━━━━━ Records for the task ━━━━━
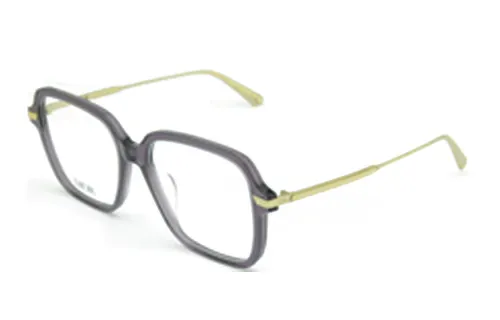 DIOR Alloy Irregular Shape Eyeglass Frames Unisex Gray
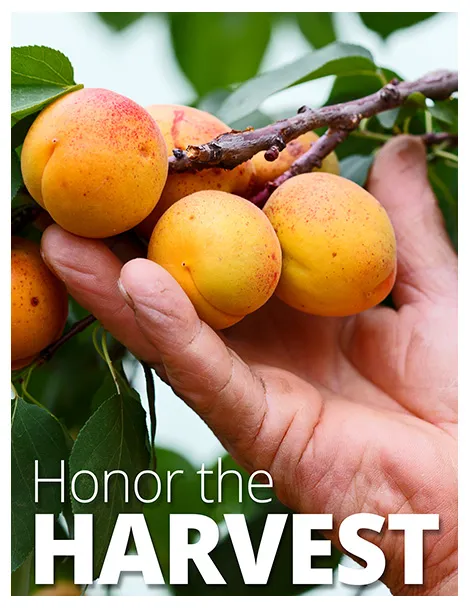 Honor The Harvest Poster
━━━━━
━━━━━ Records for the task ━━━━━
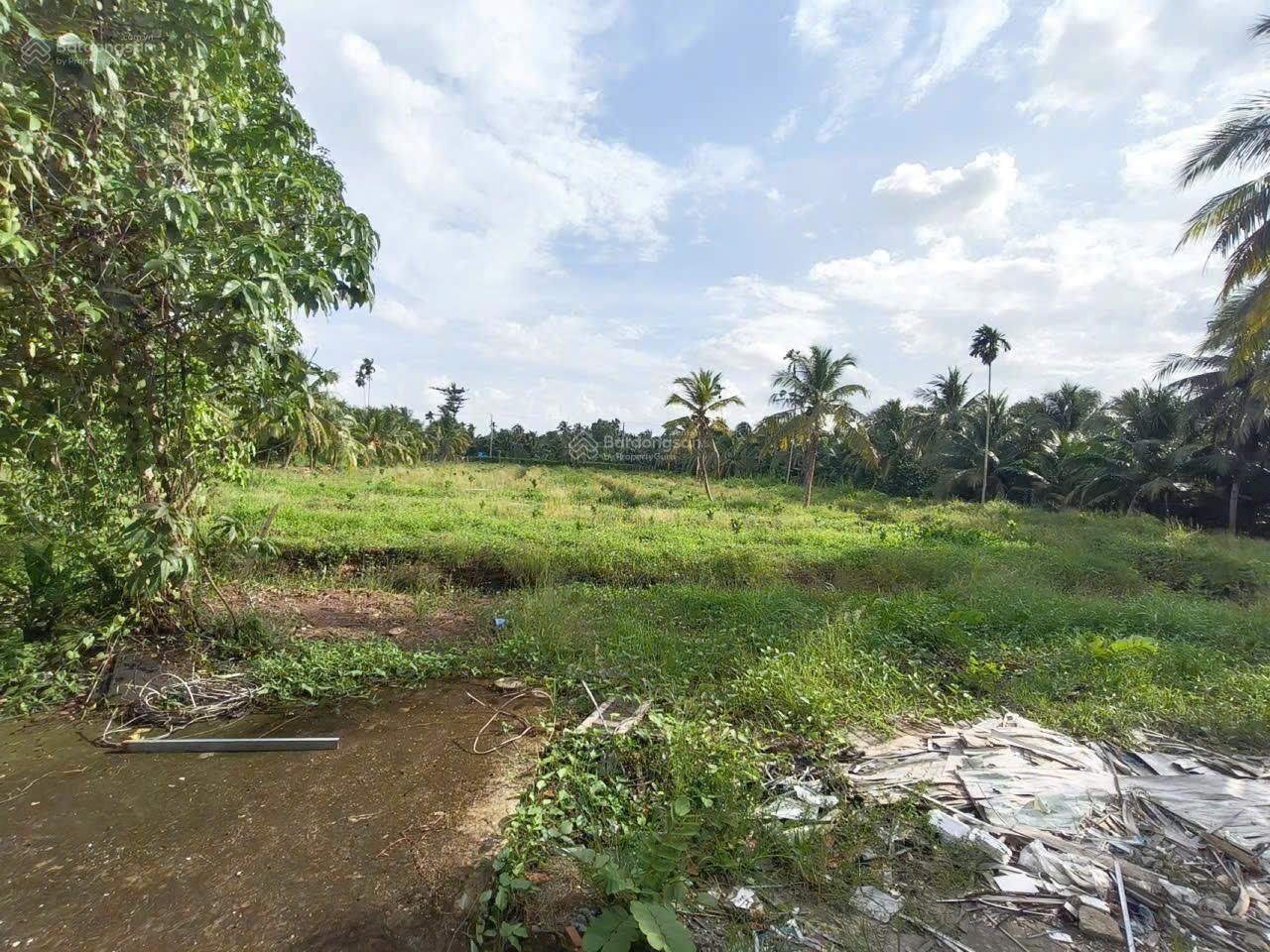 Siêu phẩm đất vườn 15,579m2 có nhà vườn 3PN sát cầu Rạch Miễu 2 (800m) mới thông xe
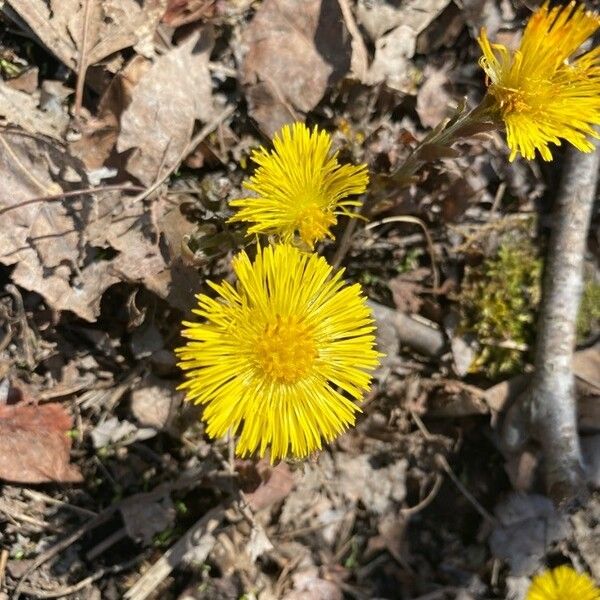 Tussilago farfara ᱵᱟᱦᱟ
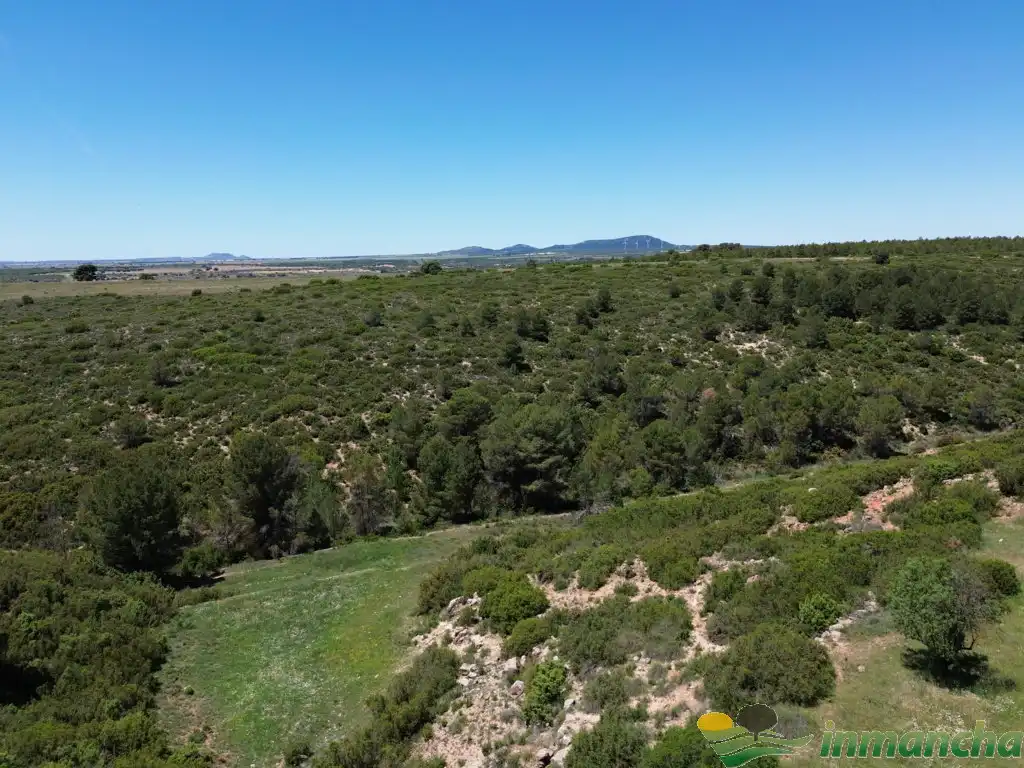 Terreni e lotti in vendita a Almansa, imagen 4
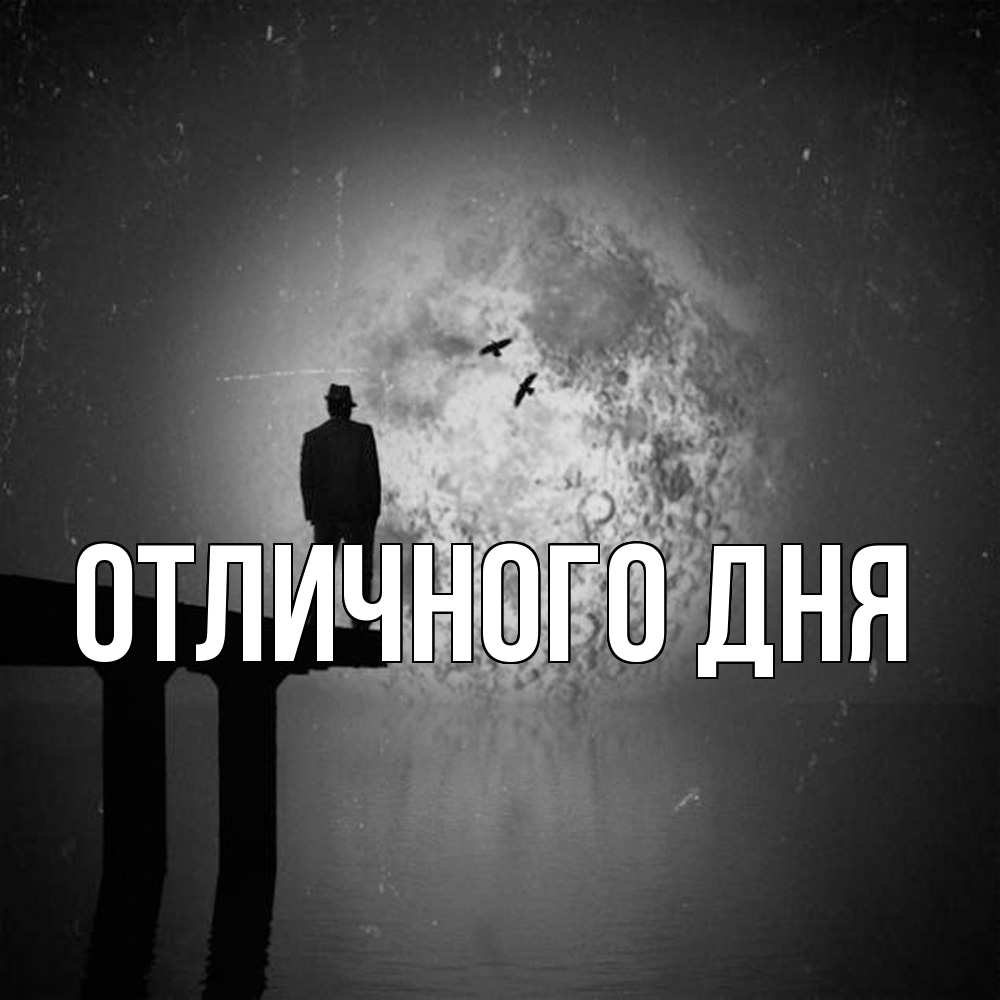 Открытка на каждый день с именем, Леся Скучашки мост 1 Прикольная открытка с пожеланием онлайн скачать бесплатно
━━━━━
◆ Work instructions
With the pictures omitted, restate word for word the lines above from the line that has "Tussilago farfara ᱵᱟᱦᱟ" up to and including the line that has "Открытка на каждый", and no other lines.

◆ Answer area
 Tussilago farfara ᱵᱟᱦᱟ
 Terreni e lotti in vendita a Almansa, imagen 4
 Открытка на каждый день с именем, Леся Скучашки мост 1 Прикольная открытка с пожеланием онлайн скачать бесплатно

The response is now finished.